APASS DR10 coverage map (credit: Stephen Levine)

APASS is a public service to the astronomical community, and was funded through generous contributions from the Robert Martin Ayers Sciences Fund, the National Science Foundation (NSF AST 1412587) and the AAVSO endowment.  APASS would not have been possible without substantial support from many vendors, including ASA, Software Bisque, DC3 Dreams, Diffraction Ltd., Apogee, Astrodon, and others.  The dozens of volunteers were equally essential!   If you use APASS for your research, please consider supporting the AAVSO with your membership or a contribution.  You should also acknowledge APASS with the following credit line: "This research was made possible through the use of the AAVSO Photometric All-Sky Survey (APASS), funded by the Robert Martin Ayers Sciences Fund and NSF AST-1412587."

Access APASS


Information about APASS Development

Johnson B and V were chosen to extend the Tycho calibration to fainter magnitudes and to match the many archival published datasets. These passbands can be easily used to create sequences for any VSX / GCVS star. Sloan passbands provide a direct link to the SDSS, SkyMapper, PanSTARRs etc. surveys, and provide a homogeneous catalog of brighter stars.  The Johnson B and V magnitudes are on the Vega system; the Sloan u',g',r',i',z_s and Z magnitudes are on the AB system.
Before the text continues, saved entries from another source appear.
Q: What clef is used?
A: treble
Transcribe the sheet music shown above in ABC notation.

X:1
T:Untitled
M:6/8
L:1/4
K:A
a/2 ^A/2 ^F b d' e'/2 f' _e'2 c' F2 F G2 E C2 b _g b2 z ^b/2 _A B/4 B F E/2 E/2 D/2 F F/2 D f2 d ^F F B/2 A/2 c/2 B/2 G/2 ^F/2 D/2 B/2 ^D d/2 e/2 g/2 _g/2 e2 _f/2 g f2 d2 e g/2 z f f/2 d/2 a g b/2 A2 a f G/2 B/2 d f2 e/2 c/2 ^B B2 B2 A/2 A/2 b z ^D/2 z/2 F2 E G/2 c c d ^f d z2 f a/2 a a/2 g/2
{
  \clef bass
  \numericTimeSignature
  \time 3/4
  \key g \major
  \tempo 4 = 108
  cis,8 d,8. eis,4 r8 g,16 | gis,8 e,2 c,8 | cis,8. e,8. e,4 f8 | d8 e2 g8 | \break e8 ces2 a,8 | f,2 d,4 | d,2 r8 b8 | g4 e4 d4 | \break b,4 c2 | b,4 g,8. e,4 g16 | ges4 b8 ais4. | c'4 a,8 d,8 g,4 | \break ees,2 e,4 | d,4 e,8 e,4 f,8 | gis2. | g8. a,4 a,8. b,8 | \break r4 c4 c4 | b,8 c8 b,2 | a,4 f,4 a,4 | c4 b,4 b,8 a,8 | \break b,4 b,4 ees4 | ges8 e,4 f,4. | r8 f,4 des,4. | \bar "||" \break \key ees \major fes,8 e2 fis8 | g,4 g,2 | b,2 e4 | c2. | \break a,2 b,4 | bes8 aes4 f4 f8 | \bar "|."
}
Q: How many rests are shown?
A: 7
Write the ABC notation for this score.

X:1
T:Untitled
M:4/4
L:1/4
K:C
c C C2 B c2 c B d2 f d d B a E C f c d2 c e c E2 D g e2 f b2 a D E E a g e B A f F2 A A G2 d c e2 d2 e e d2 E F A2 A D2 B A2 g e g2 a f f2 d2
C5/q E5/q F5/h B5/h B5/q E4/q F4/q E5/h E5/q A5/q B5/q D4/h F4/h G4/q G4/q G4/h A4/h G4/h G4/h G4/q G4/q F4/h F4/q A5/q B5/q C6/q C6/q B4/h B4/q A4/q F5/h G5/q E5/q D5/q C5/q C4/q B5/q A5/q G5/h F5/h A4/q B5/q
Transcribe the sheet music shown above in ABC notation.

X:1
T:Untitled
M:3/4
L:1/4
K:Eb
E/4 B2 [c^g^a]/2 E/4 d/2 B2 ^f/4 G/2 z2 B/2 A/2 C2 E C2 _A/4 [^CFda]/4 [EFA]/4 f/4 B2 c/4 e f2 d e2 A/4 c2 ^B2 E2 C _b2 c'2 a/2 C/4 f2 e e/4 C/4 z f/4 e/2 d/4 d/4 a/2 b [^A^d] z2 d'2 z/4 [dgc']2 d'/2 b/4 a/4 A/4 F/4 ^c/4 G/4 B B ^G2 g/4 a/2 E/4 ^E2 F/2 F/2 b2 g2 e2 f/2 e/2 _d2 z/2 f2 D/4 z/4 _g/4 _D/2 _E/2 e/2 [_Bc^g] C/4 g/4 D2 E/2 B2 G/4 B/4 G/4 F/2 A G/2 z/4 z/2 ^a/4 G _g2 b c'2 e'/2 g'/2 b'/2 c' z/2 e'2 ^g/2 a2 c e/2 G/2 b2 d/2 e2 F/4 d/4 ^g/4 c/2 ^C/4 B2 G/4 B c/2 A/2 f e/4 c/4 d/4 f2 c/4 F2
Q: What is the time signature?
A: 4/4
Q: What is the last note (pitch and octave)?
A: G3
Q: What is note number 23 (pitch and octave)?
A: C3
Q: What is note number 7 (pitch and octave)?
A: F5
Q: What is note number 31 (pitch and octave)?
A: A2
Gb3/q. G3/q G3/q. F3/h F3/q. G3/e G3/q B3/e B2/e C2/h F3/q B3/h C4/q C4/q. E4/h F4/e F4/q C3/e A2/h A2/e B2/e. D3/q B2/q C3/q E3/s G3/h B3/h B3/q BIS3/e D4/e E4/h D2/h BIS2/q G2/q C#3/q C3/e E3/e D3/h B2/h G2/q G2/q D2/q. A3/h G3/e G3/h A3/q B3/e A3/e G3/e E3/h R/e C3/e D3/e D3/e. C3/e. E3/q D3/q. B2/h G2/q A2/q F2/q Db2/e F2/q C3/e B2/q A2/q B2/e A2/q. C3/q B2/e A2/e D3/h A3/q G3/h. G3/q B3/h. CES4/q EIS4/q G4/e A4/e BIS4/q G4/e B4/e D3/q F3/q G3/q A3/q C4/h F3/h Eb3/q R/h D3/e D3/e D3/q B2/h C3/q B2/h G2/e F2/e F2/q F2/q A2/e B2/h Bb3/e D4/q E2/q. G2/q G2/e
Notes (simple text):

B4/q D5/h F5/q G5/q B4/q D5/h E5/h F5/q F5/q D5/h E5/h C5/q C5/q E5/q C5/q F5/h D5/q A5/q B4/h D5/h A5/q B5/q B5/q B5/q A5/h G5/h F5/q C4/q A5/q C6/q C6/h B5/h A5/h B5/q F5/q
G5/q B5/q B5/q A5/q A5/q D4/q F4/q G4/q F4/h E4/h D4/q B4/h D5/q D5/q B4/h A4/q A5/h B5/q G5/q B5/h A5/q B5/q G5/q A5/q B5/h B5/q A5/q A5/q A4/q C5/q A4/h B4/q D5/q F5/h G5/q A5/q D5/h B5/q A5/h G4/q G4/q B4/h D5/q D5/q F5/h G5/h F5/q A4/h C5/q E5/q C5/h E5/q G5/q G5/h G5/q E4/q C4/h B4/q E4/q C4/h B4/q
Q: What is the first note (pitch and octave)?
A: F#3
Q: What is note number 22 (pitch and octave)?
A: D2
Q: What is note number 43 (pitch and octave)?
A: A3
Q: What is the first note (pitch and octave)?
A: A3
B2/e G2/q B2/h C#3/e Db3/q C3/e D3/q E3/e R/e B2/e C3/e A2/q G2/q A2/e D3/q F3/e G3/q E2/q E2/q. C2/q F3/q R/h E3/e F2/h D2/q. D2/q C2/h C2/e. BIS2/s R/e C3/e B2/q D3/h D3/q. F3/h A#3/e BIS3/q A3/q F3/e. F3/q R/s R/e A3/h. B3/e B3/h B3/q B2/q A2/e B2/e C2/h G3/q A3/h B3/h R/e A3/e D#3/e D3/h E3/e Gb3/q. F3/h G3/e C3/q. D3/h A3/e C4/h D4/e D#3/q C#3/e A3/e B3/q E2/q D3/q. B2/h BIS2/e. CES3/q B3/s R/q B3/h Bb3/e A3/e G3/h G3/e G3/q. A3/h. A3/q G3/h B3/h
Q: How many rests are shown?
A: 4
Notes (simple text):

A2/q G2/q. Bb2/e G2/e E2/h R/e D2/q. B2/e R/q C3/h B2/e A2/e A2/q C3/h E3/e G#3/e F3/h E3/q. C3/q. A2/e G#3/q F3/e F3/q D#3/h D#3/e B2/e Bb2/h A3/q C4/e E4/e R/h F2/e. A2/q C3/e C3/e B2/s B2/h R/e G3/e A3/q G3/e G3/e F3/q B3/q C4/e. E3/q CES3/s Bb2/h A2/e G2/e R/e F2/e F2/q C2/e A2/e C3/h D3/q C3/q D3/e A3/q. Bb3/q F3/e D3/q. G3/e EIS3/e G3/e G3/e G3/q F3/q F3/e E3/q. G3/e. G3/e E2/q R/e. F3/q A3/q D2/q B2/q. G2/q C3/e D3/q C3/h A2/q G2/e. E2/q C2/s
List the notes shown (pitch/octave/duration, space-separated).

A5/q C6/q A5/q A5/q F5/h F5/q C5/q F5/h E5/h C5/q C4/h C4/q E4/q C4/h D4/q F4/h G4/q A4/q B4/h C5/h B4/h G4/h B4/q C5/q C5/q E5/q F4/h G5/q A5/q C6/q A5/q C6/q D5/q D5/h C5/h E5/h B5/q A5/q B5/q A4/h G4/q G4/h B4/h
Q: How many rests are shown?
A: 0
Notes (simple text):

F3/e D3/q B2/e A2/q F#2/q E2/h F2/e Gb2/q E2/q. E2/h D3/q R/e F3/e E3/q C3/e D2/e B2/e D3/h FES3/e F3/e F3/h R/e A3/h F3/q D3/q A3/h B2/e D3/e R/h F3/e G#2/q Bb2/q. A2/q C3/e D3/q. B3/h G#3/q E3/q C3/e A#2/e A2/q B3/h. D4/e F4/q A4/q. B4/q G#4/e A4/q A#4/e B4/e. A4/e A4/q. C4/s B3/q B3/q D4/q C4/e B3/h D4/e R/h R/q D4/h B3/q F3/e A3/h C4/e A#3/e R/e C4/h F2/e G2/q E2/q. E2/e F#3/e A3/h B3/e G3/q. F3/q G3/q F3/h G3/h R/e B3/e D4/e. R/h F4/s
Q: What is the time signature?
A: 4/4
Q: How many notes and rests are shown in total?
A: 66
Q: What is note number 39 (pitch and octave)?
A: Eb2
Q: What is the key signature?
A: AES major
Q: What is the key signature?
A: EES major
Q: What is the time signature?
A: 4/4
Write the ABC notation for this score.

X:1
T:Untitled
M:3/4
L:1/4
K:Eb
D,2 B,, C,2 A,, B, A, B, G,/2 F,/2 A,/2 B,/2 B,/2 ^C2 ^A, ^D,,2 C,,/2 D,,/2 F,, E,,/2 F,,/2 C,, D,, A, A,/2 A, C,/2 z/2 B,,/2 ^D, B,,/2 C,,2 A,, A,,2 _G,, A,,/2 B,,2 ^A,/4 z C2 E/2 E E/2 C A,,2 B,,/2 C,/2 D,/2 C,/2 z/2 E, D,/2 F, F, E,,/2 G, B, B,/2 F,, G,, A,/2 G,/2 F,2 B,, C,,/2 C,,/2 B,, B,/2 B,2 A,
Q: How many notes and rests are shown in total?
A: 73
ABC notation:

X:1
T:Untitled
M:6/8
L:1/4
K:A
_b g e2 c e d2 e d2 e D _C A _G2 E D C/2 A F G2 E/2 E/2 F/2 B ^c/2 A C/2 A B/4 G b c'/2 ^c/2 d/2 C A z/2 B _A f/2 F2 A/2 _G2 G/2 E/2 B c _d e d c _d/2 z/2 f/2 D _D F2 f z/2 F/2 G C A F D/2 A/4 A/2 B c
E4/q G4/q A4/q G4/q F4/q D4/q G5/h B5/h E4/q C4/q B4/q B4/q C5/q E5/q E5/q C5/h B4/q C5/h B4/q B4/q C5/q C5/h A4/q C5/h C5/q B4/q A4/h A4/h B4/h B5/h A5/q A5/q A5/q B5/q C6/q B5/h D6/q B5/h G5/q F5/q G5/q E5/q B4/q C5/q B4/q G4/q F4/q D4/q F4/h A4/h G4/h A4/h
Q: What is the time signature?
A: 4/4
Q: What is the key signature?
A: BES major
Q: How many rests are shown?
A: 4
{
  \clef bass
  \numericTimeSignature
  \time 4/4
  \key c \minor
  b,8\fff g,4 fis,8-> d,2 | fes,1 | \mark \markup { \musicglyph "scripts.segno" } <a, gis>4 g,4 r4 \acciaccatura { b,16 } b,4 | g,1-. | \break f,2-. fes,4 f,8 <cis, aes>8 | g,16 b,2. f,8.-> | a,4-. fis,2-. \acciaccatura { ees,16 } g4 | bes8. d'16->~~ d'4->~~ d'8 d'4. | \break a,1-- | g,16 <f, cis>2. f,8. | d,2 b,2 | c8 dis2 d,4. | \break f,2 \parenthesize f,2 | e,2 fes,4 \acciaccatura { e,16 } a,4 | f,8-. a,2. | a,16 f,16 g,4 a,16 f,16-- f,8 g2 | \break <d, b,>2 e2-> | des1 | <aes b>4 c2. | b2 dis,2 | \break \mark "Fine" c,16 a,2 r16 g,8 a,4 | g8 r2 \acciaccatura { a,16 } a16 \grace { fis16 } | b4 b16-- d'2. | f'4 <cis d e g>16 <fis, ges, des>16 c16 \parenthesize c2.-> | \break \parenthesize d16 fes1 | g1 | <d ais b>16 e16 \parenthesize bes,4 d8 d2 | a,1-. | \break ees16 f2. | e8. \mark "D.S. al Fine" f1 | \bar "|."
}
APASS telescopeAll photometric nights at the sites are reserved for the survey. On non-photometric nights, other wide-field projects are executed. To date, these have included an exoplanet transit survey, bright star time series in simultaneous passbands, and long-term monitoring of clusters and specific variable stars. All of these ancillary data products will be available on a one-day delay through the AAVSO web site. Some time will also be available for AAVSO member and professional collaborator research.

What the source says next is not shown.